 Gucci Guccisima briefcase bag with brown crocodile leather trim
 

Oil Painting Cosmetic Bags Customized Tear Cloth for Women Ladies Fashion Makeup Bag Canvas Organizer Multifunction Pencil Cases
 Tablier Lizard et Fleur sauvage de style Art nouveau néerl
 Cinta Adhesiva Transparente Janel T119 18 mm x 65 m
==
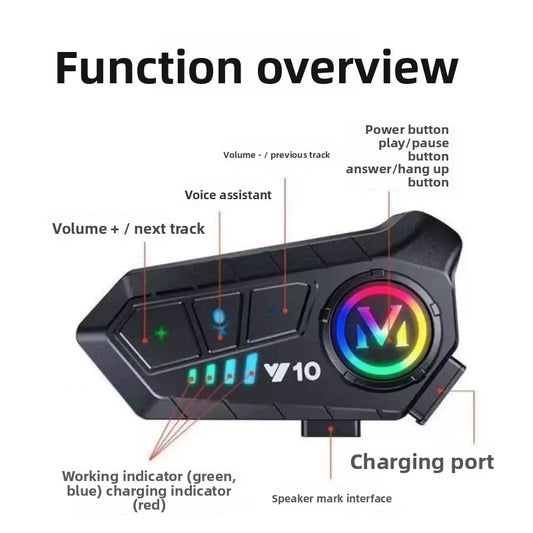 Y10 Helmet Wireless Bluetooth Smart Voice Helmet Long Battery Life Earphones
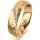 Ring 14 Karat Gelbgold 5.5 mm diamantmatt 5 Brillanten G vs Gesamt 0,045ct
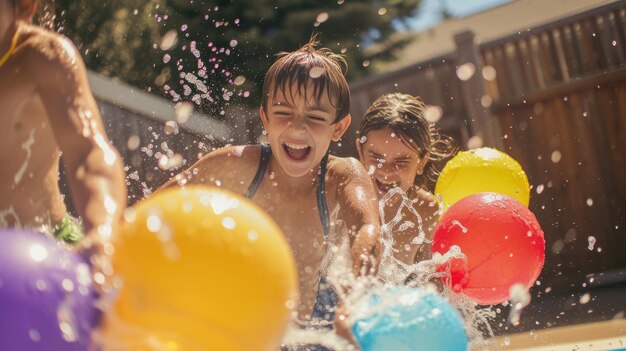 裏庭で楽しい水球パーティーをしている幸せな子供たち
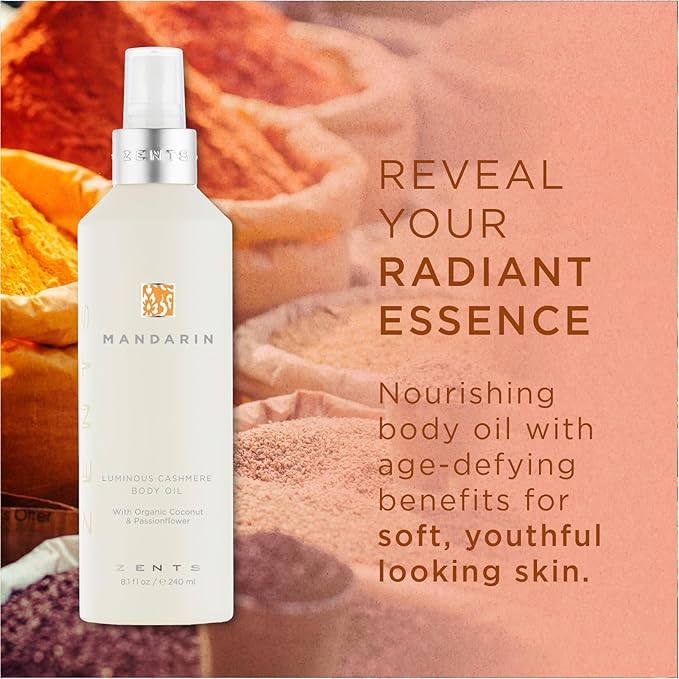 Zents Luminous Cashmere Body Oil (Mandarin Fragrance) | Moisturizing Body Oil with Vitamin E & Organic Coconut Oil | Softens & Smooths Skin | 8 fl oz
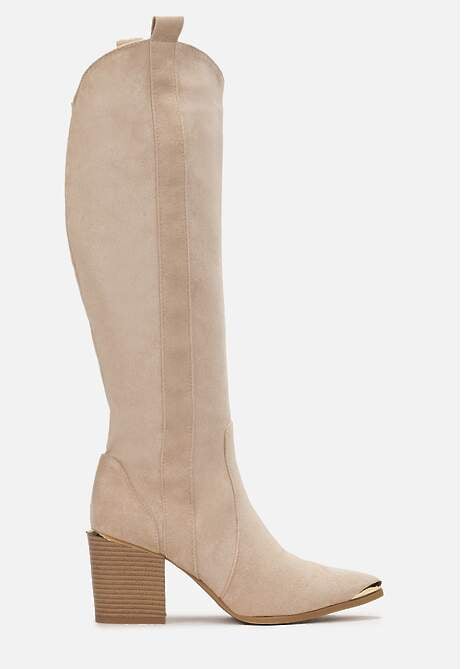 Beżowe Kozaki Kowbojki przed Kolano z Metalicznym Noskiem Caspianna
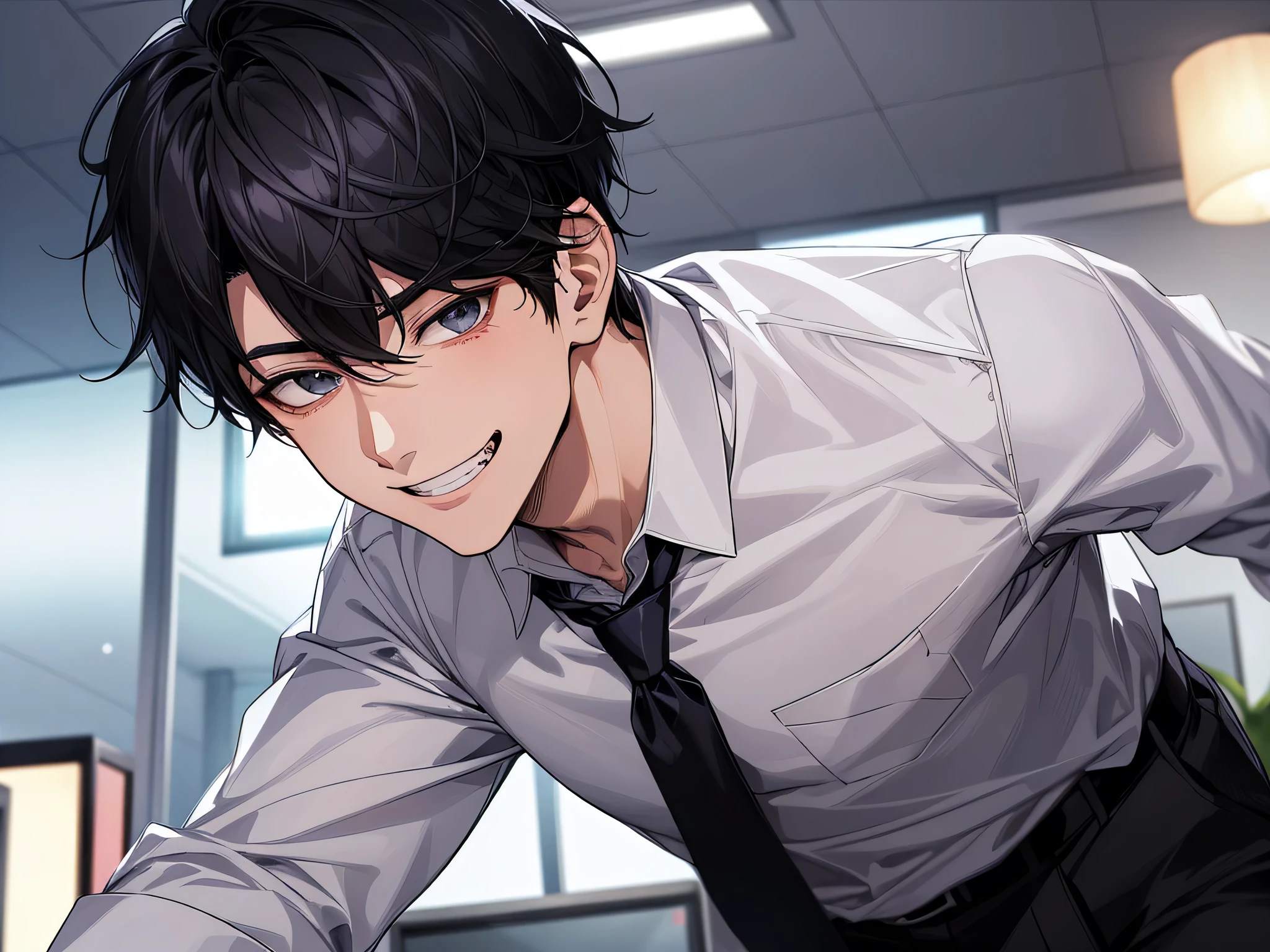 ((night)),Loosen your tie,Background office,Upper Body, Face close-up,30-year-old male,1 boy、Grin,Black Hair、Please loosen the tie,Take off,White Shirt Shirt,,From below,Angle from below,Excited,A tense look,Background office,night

EXERCISE INSTRUCTIONS => Return only the stretch above from the line containing "Beżowe Kozaki Kowbojki" through the line containing "((night)),Loosen your tie,Background", word for word and without pictures.

OUTPUT OF THE TASK =>
 Beżowe Kozaki Kowbojki przed Kolano z Metalicznym Noskiem Caspianna
 ((night)),Loosen your tie,Background office,Upper Body, Face close-up,30-year-old male,1 boy、Grin,Black Hair、Please loosen the tie,Take off,White Shirt Shirt,,From below,Angle from below,Excited,A tense look,Background office,night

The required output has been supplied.